NASHVILLE, TN – Nashville-based roots singer/guitarist, Beth Garner, has announced a February 24th, 2017 release date for her new CD, Snake Farm, on The Music of Nashville imprint, via CEN/RED Distribution, a division of Sony Music. Snake Farm features mostly original songs written or co-written by Garner, with the exception of the title track, authored by Texas country legend Ray Wylie Hubbard.
Garner’s music on the new album showcases her soulful singing, with its roots firmly in blues, gospel and soul with rock ‘n roll flourishes, as well as her scintillating axe work that alternately smokes and sizzles on both standard, and slide guitar. Recorded mostly live at Slack Key Studios in Woodbine, Tennessee, Snake Farm was produced by Garner and Randy Kohrs. The backing band features Rory Hoffman (sax, keyboards and rhythm guitar), Wes Little (drums), Steve Forrest (bass) and Angela Primm and Gale Mayes (background vocals).

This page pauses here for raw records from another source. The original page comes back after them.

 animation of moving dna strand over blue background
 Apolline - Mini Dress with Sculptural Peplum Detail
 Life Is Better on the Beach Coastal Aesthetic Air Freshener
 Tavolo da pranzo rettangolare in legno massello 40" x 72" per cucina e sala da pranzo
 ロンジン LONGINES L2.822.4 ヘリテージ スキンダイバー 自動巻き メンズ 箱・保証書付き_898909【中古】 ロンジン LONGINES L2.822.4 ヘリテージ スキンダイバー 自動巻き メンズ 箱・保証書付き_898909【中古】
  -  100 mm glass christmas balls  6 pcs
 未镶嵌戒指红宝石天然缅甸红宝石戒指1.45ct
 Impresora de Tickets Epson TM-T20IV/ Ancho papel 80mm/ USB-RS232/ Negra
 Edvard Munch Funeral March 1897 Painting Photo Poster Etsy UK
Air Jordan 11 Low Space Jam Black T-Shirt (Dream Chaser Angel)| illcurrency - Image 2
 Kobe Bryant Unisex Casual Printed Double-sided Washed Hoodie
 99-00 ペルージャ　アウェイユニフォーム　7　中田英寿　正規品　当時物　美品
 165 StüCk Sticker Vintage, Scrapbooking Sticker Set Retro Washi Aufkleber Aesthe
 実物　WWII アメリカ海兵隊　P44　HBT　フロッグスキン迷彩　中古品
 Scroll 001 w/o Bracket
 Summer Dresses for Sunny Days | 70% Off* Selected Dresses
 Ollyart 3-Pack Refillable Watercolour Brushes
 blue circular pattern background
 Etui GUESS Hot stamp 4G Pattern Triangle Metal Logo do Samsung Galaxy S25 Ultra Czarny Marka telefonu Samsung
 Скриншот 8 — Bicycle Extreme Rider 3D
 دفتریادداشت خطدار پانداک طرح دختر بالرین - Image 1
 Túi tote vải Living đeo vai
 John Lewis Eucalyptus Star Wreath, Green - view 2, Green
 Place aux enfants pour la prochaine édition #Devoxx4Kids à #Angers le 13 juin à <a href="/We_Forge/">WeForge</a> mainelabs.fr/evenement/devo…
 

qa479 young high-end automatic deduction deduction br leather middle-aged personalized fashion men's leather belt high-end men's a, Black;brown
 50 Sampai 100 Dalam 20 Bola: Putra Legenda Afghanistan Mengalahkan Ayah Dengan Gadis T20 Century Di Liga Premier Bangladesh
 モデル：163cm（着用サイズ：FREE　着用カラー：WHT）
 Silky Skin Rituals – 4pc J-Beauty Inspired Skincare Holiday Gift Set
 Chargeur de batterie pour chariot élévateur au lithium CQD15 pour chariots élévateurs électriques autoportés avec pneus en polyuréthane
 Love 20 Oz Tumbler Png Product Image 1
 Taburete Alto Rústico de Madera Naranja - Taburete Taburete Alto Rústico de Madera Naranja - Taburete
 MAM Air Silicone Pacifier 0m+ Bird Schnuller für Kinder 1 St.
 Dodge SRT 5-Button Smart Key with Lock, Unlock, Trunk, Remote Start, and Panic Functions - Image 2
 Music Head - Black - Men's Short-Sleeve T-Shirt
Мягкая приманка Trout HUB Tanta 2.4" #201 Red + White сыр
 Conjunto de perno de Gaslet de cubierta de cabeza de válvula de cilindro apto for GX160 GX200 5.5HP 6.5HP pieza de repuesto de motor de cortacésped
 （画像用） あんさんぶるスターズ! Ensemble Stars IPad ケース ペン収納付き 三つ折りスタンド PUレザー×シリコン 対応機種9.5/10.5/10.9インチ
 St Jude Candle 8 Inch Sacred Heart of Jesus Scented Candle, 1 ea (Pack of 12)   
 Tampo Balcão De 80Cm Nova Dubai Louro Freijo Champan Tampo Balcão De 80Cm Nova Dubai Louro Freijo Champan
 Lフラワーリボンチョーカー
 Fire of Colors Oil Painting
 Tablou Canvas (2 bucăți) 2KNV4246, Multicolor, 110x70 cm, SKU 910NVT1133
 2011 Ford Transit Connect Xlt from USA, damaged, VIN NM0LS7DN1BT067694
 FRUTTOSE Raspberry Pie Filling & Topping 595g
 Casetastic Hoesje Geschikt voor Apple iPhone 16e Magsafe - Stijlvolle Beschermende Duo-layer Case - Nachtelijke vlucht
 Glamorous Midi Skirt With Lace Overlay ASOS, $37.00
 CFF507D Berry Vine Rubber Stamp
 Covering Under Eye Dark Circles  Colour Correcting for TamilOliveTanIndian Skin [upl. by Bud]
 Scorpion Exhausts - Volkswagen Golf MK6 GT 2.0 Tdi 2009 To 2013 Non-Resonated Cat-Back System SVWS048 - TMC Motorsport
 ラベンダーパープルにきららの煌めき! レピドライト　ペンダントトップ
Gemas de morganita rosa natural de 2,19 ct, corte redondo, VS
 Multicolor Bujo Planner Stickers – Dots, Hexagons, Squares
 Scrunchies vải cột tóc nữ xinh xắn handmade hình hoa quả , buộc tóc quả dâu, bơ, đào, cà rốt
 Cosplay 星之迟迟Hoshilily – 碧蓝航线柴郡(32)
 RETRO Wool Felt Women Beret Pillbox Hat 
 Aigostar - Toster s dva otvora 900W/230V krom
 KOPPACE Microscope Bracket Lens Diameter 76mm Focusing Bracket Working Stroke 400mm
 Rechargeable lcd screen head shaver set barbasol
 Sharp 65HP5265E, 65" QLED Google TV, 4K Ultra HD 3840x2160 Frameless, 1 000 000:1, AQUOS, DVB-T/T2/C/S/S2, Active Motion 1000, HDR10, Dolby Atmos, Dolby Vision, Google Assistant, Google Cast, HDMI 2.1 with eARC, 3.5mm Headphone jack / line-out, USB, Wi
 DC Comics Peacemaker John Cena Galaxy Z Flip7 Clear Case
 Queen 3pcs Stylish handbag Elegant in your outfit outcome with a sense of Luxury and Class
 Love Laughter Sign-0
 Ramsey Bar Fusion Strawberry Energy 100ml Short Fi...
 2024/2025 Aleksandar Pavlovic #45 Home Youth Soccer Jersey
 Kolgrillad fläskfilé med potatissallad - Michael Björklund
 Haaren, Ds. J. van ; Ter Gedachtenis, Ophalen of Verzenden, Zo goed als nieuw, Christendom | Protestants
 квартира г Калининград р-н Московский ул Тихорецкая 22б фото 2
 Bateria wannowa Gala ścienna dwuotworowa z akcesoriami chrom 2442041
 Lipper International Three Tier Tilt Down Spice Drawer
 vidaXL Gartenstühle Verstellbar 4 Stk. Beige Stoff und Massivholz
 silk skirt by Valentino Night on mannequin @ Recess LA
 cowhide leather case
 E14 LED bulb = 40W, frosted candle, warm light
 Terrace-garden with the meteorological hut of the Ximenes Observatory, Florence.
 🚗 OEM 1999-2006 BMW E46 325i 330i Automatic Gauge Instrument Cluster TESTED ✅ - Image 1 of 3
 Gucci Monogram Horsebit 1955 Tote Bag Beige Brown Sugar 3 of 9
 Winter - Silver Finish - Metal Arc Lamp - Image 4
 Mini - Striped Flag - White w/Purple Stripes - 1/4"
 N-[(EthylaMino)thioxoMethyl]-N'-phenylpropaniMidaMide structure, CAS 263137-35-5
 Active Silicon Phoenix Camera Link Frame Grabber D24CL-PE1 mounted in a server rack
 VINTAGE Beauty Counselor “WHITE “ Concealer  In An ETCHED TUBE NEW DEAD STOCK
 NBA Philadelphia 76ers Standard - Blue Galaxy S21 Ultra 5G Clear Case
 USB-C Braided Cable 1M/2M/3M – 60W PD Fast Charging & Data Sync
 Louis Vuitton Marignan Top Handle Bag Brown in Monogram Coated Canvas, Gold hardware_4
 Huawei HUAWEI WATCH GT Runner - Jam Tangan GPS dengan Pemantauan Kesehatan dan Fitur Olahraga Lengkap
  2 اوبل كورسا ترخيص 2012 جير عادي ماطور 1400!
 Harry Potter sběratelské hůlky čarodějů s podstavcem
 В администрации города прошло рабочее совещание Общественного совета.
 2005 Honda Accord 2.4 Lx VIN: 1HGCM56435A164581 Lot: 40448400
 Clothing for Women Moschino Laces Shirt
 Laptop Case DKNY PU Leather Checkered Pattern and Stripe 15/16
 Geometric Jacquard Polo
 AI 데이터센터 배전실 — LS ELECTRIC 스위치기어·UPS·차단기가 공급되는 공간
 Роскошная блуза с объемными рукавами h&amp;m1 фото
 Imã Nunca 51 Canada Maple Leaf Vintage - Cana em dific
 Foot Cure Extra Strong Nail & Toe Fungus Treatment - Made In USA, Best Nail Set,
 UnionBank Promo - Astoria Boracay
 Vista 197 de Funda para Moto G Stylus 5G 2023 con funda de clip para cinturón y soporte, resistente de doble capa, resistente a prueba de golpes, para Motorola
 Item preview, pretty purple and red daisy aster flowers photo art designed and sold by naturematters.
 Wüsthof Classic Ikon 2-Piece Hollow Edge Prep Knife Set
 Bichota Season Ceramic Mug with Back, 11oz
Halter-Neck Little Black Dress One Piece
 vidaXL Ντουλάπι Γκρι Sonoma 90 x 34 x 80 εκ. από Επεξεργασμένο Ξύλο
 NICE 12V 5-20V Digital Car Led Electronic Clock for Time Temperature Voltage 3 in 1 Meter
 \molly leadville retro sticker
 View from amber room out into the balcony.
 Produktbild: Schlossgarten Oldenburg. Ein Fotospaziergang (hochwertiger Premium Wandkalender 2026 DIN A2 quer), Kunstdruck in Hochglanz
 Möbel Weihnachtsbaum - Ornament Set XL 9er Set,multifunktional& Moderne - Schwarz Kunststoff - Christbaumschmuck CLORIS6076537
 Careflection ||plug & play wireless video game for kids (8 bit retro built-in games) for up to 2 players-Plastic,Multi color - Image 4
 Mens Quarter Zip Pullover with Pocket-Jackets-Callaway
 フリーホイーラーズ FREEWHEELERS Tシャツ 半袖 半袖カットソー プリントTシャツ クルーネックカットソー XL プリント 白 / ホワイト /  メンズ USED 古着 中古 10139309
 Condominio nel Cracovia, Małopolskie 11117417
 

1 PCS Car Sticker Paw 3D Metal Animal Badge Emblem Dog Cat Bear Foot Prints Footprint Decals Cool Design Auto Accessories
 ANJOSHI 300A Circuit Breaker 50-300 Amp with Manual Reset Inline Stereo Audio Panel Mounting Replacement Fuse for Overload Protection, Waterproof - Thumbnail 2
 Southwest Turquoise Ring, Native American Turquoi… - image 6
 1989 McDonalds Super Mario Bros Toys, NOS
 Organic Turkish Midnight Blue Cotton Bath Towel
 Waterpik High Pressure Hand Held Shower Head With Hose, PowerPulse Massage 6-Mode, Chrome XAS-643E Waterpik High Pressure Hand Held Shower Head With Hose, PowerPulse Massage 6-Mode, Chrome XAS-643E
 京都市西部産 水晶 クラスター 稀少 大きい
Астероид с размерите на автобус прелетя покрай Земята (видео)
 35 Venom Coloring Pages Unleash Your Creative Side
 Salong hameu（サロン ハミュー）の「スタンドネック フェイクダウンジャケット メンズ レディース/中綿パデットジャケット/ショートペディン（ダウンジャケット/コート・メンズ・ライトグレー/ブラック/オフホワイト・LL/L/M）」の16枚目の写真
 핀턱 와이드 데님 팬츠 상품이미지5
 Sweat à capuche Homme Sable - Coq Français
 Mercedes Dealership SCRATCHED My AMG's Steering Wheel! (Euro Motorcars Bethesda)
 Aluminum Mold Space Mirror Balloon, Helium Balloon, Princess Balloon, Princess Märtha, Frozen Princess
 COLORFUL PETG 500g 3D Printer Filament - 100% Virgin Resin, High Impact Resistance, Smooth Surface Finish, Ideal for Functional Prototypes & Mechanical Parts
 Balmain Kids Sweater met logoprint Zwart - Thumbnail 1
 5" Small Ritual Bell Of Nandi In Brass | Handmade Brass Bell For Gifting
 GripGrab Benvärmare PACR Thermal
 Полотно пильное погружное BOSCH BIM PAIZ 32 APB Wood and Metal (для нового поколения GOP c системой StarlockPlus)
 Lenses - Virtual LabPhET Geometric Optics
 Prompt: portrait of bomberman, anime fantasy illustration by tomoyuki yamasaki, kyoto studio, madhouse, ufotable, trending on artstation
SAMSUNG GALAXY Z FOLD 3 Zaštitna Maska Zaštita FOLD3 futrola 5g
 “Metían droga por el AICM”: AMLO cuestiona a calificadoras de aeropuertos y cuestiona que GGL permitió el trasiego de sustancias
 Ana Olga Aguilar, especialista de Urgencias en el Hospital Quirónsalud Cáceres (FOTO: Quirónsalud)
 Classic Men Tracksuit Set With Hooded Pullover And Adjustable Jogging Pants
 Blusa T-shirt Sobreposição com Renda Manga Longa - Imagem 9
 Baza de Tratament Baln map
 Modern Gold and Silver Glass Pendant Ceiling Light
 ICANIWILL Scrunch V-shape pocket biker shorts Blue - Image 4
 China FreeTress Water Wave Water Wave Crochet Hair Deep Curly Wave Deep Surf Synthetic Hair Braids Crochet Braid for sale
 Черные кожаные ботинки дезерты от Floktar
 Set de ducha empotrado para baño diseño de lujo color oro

A Texas native, Garner spent a number of years playing in the Austin music scene before relocating to Algood, Tennessee in 2007, not originally to play music, but, “to build a blimp for the Department of Defense,” she says. “I worked for my uncle in a warehouse with bad heating. In March, 2007, I began a three-month US tour with Russian band The Red Elvises, where we played small sold-out venues from coast to coast. I gained a lot of fans and learned about our great country from the back of a van full of Russians.” After the tour, Garner returned to Tennessee and started playing for tips in the biker bars that dotted the small byways around the small town of Cookeville.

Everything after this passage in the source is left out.